There are various ways to define hyper-Calvinism. For example, we might explain it as a system of doctrine that rejects the free offer of the gospel based on a low view of man’s responsibility. We might also explain it in terms of biblicism or rationalism. Some have rightly called this the quest for illegitimate religious certainty. This approach is the avenue Lloyd-Jones took in his discussion of learning and believing the doctrinal truths of Scripture:
I must not hesitate to believe a doctrine because I cannot fit it in; neither must I reject a doctrine because I cannot understand it. If this is the truth of God, and the thing is clearly taught, then I am to accept it whether I understand it or not.
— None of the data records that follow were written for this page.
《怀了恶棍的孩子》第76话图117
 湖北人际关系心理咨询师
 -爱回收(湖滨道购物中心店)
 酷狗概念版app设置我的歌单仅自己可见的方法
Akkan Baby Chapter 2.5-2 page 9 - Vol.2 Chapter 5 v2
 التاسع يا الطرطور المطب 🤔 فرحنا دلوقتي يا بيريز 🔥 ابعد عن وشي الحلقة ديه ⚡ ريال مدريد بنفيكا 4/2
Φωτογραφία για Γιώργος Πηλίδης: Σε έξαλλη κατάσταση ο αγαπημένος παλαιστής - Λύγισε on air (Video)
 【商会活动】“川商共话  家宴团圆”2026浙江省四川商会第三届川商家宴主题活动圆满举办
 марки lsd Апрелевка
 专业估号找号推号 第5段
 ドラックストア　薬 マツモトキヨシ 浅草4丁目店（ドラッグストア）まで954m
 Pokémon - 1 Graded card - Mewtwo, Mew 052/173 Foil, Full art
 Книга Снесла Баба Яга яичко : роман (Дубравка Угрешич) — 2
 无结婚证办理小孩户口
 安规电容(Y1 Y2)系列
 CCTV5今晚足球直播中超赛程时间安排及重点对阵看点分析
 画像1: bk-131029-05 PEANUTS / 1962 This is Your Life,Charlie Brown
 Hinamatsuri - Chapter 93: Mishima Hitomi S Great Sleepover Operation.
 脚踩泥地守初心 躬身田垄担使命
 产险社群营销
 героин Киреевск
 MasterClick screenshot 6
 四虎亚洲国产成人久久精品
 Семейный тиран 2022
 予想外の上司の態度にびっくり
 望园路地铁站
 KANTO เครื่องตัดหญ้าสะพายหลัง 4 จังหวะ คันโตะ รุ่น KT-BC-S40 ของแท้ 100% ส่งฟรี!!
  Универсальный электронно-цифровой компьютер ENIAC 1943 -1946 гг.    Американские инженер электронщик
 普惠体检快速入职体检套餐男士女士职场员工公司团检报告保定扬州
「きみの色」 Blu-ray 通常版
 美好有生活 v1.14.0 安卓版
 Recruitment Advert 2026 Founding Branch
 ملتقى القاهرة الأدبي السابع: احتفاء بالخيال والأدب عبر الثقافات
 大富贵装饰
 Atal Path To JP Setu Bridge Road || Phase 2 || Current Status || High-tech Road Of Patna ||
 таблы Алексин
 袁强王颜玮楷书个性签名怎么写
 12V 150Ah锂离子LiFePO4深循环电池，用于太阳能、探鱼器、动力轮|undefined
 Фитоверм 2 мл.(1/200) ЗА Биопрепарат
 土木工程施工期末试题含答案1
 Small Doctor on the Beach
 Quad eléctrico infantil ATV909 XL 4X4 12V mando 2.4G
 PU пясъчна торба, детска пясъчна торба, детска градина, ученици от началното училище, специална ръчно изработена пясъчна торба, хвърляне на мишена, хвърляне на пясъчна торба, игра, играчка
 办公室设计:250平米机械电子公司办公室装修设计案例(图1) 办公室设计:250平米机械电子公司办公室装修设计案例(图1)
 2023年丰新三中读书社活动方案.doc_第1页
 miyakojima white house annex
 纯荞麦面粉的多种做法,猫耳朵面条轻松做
…We must never allow ourselves to be governed by our own logic or by our own desire to have a perfect system. It is a danger to which we are all exposed. We instinctively like to have a complete system; we do not like gaps or ragged edges. It is again because we are all philosophers. It is because the philosopher always wants a complete whole, wants to be able to understand everything, wants to be able to state everything, and we are all like that. The danger is, you see, that we press our own logic and our own schemes to a point which goes beyond the teaching of the Scripture. At that point we are again guilty of sin and of error. We must give full weight to every statement of Scripture. We must never minimise one or ignore it in order that our scheme may be complete.
I could give you many illustrations of that. There are people, for instance, who have always been described as hyper-Calvinists, and that is their trouble. They go beyond the Scripture and are driven by their own logic and by their own arguments, and they claim things which cannot be demonstrated from the Scriptures. They are so anxious to have a perfect scheme that they fall into that very subtle and dangerous trap.